Rétrospectivement, il a déclaré que Verre cassé était peut-être le plus représentatif de son univers livre en réunissant tous les thèmes qui lui tiennent à coeur et qui composaient ses quatre précédents : « la mère, le voyage, la lecture, les livres, l’enfance, les relations avec d’autres communautés, le problème de la marginalité, la question du Nègre agité, l’absence du père » (Itw Congopage.com, aout 2005).

« L’essentiel c’est de m’accommoder de mon mieux de cet avatar d’une version du paradis raté.« 

Verre cassé est le surnom du narrateur bougon et désabusé de ce petit livre iconoclaste. Ce vieil habitué d’un bar de Pointe-Noire au Congo (ville natale de l’auteur) haut en couleurs, « Le Crédit a voyagé » dans le quartier Trois-Cents, il se voit un jour assigner, par son patron (répondant pour sa part au pittoresque surnom de « l’Escargot entêté ») et ami, comme mission d’en écrire les mémoires en quelque sorte, en consignant les histoires de ses clients, afin de laisser une trace de son existence à la postérité. Même si l’intéressé ne se trouve pas forcément qualifié pour, car comme il l’explique humblement: « Moi je ne faisais qu’observer et parler aux bouteilles, à mon arbre au pied duquel j’aimais pisser » L’ambiance est posée !
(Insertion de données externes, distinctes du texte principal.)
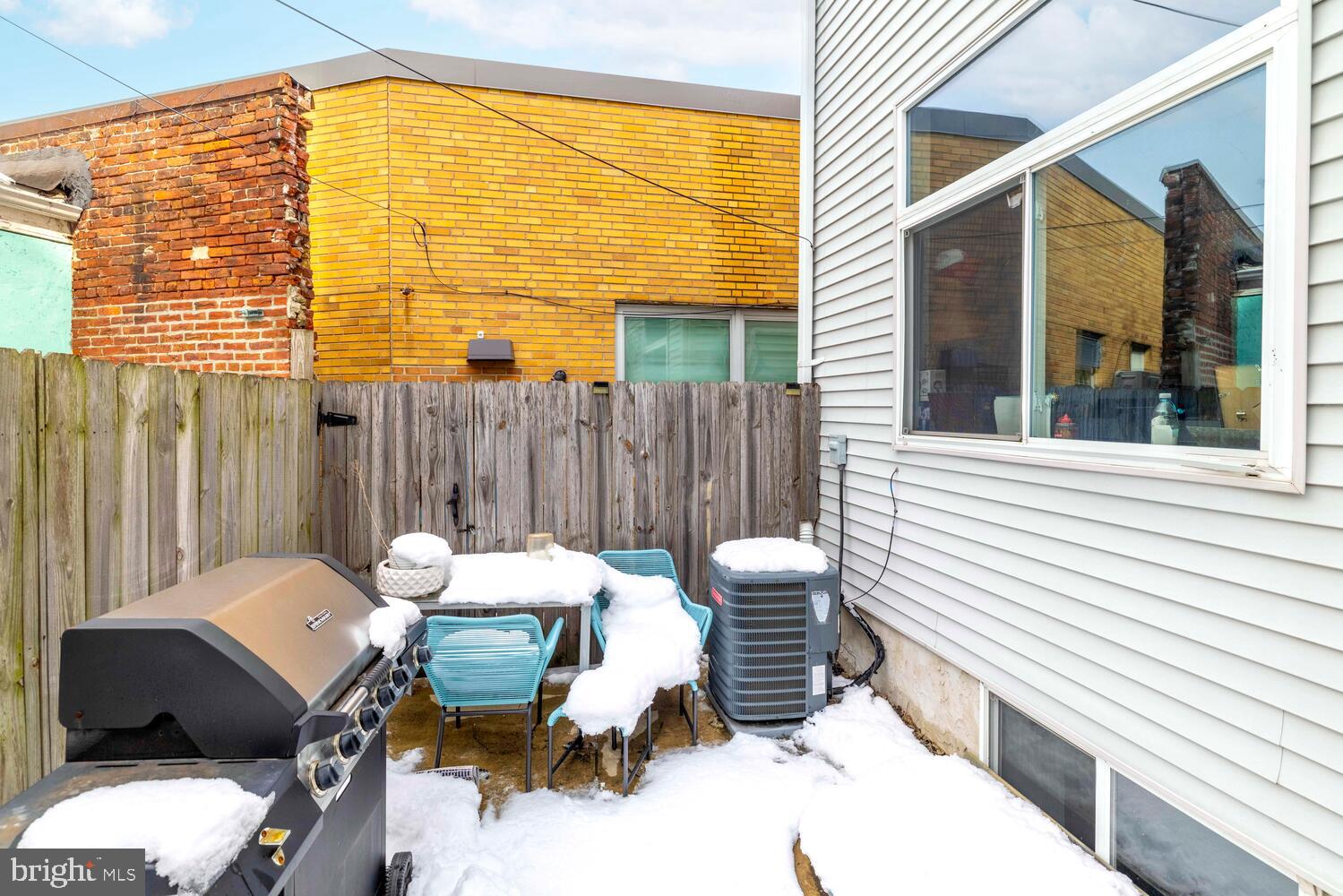 1214 South 20th Street Philadelphia, PA 19146 - Photo 34 of 34 a backyard of a house with a table and chairs
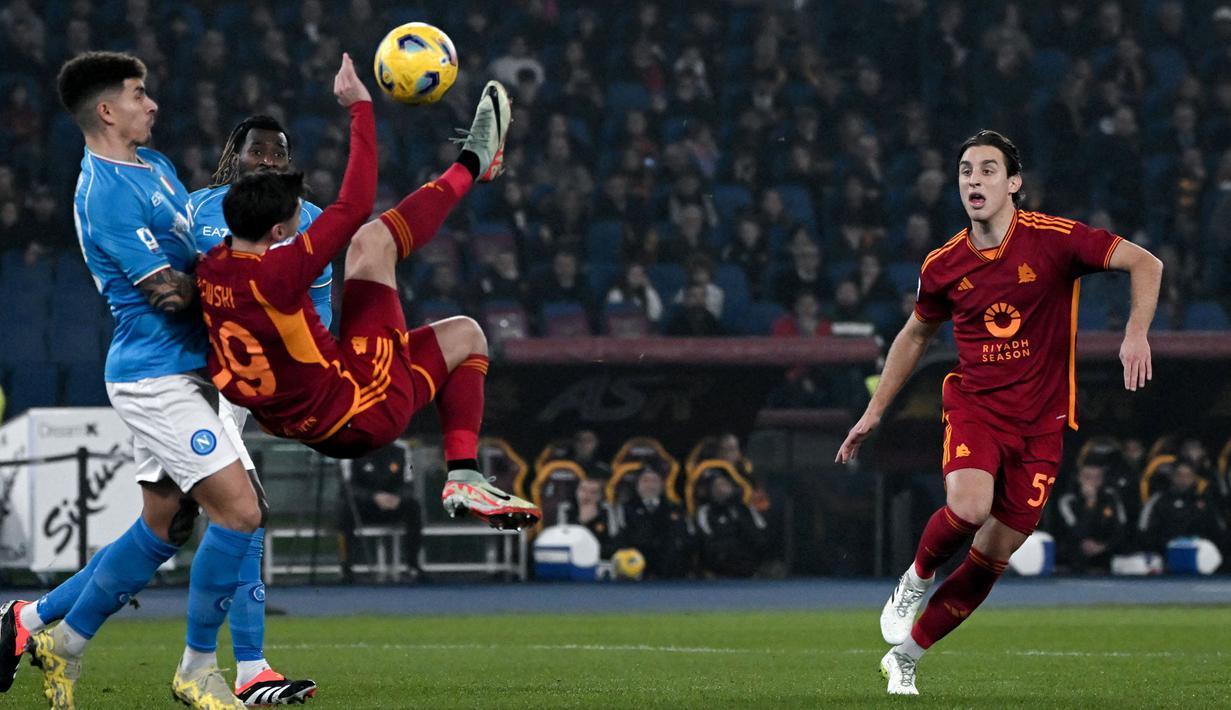 Striker AS Roma, Nicola Zalewski (tengah) berusaha melepaskan tendangan akrobatik di depan bek Napoli, Giovanni di Lorenzo pada laga pekan ke-17 Liga Italia 2023/2024 di Olympic Stadium, Roma, Minggu (24/12/2023) dini hari WIB. (AFP/Tiziana Fabi)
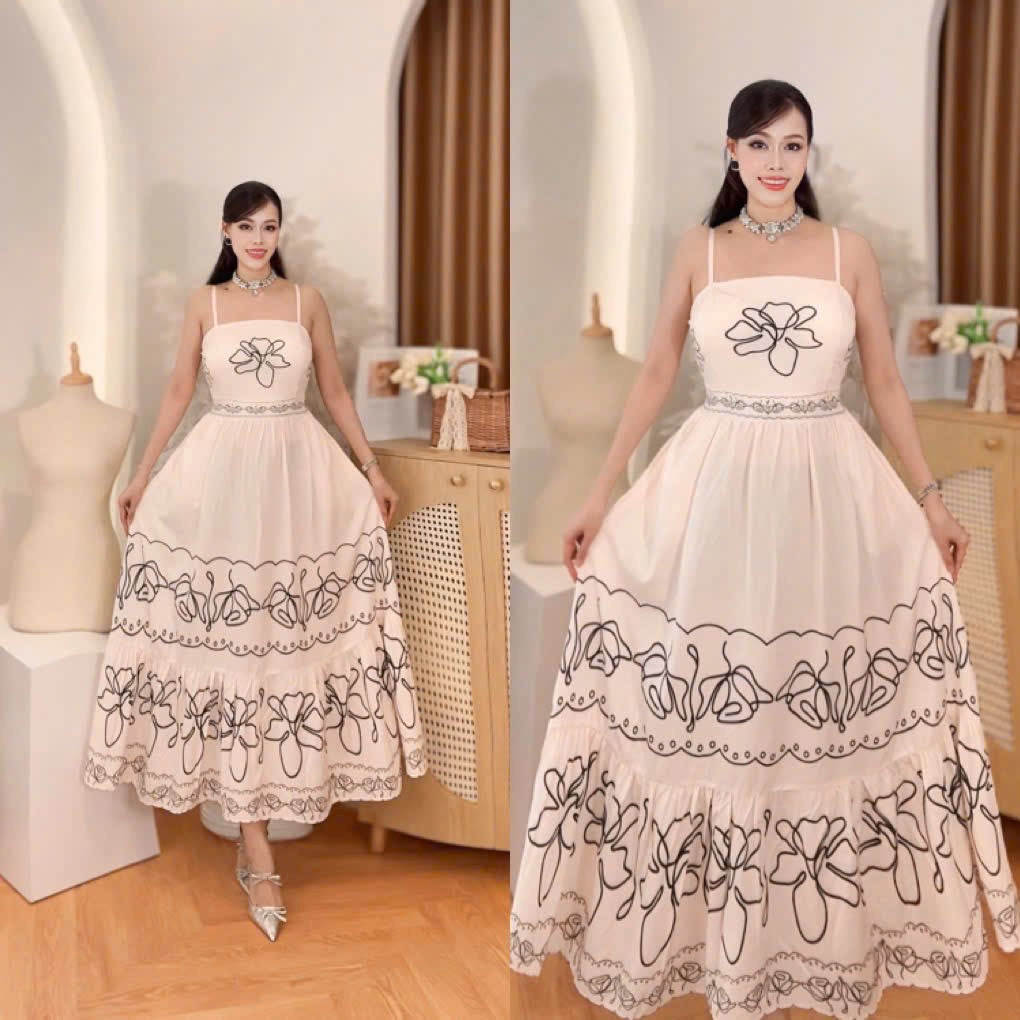 Vietnam Luxury Cream & Black Floral Tiered Maxi Dress showcased on a model, highlighting its elegant design and flowy fabric.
Culture orale et Culture de l’écrit et Ode à la littérature

Dés la 1e page, Mabanckou souligne la culture orale de l’Afrique par opposition à celle de l’écrit qui assure une plus grande pérennité et rayonnement: « la parole c’est de la fumée noire, du pipi de chat sauvage » résume-t-il dans sa verve imagée afin de conjurer le fameux « en Afrique quand un vieillard meurt, c’est une bibliothèque qui brûle » alors que les aïeuls étaient vus comme les dépositaires et gardiens des histoires et récits du pays. L’auteur lui-même, grand lecteur depuis l’enfance, s’était trouvé isolé dans cette passion peu encore répandue en Afrique pour l’isolement qu’elle constitue et la suspicion qu’elle inspire. Son héros Verre cassé lui ressemble avec une mère qui craignait que « lire gaspill[e] les yeux ».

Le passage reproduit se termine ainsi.